Taking the listing below, restate word for word each line from the line with "Rent this 2" to the line with "Two middle-aged women", ends included, and stop there.

==== The records ====

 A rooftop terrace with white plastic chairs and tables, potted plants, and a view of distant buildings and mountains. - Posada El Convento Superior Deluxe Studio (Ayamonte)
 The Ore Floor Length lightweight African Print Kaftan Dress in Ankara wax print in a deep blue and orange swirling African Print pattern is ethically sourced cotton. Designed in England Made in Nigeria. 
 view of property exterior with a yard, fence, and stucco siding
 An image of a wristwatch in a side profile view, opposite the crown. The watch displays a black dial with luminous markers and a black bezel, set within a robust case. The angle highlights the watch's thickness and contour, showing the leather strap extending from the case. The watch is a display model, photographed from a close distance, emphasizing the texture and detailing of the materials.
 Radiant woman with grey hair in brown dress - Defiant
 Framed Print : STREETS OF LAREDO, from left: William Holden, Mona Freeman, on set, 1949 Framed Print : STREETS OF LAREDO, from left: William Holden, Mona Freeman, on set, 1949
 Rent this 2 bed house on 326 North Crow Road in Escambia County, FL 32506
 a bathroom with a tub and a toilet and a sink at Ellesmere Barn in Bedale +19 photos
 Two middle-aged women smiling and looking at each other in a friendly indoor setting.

====
==== The records ====

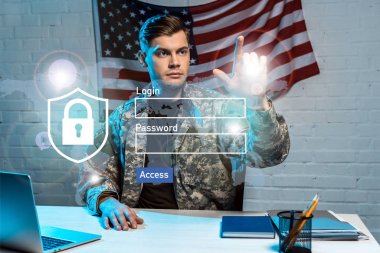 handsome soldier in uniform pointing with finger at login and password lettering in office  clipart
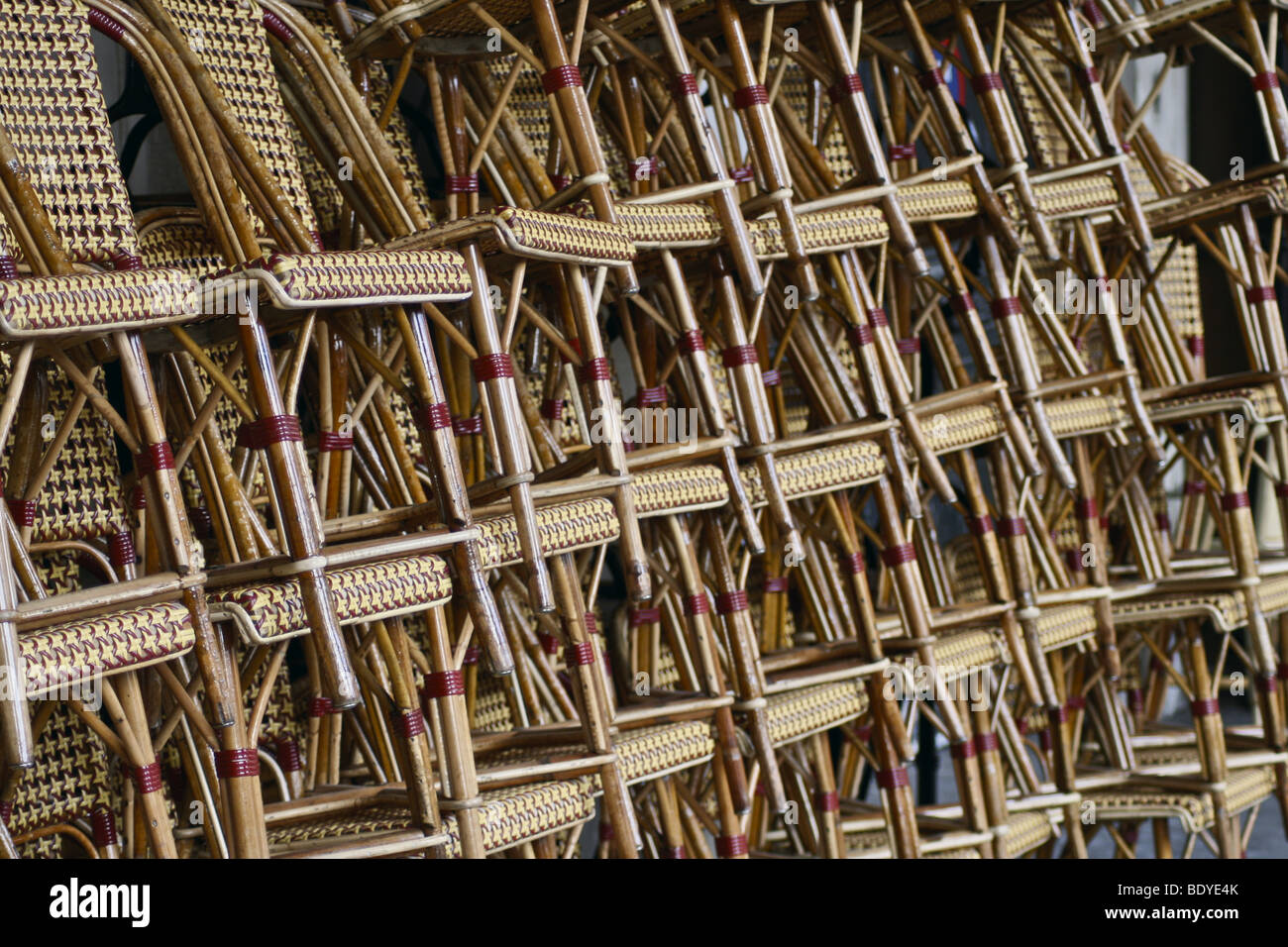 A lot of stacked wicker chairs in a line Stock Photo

====
==== The records ====

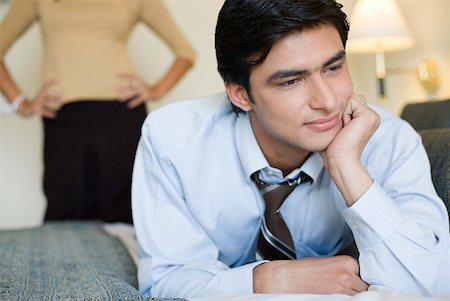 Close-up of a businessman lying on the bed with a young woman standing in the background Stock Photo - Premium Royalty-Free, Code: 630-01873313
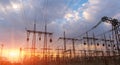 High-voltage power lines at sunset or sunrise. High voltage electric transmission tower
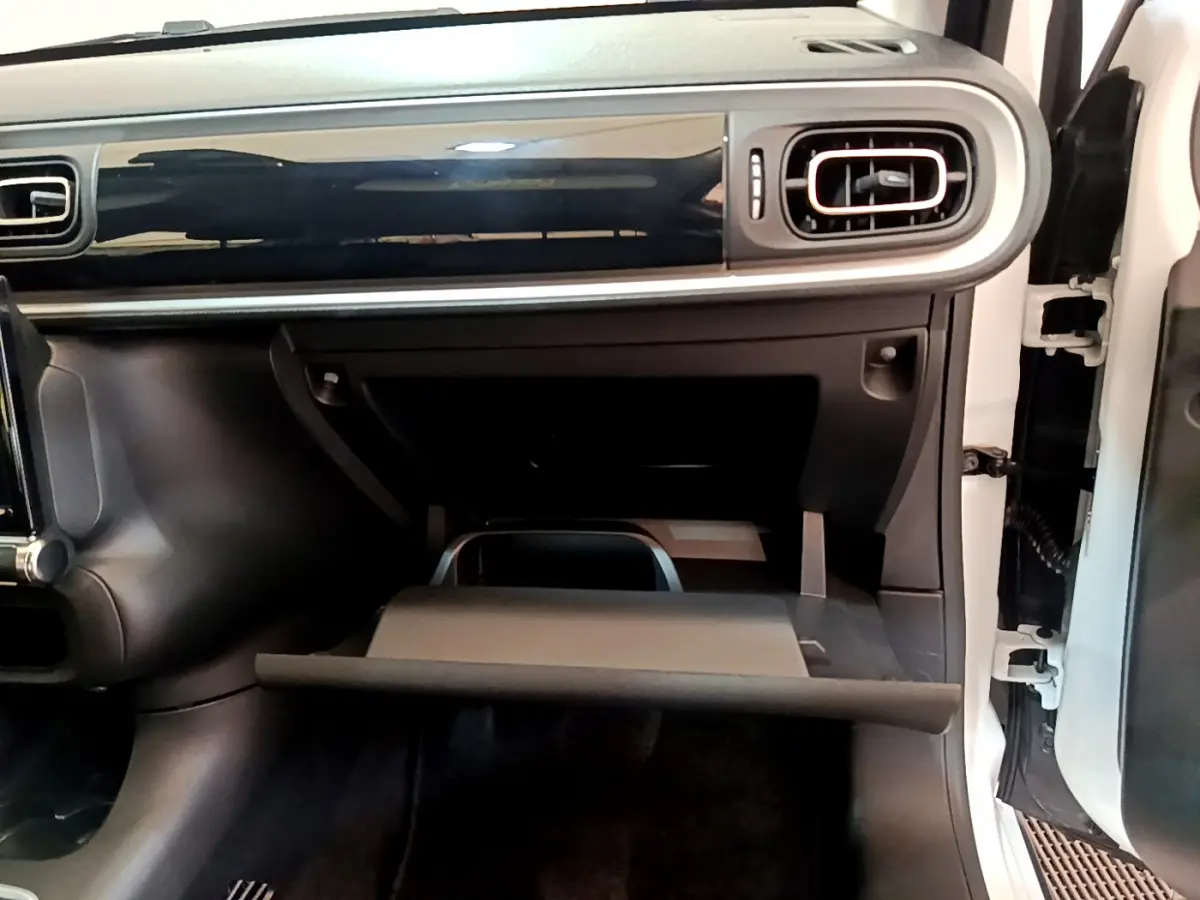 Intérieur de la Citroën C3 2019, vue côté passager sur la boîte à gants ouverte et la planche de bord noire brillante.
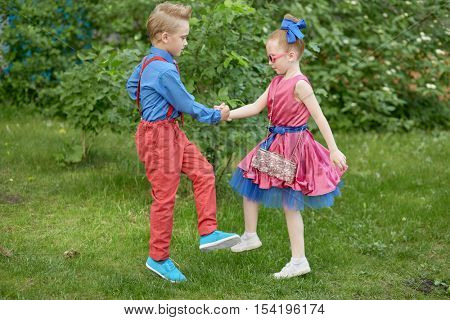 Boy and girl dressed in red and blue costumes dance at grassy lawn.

====

■ Reply:
 Rent this 2 bed house on 326 North Crow Road in Escambia County, FL 32506
 a bathroom with a tub and a toilet and a sink at Ellesmere Barn in Bedale +19 photos
 Two middle-aged women smiling and looking at each other in a friendly indoor setting.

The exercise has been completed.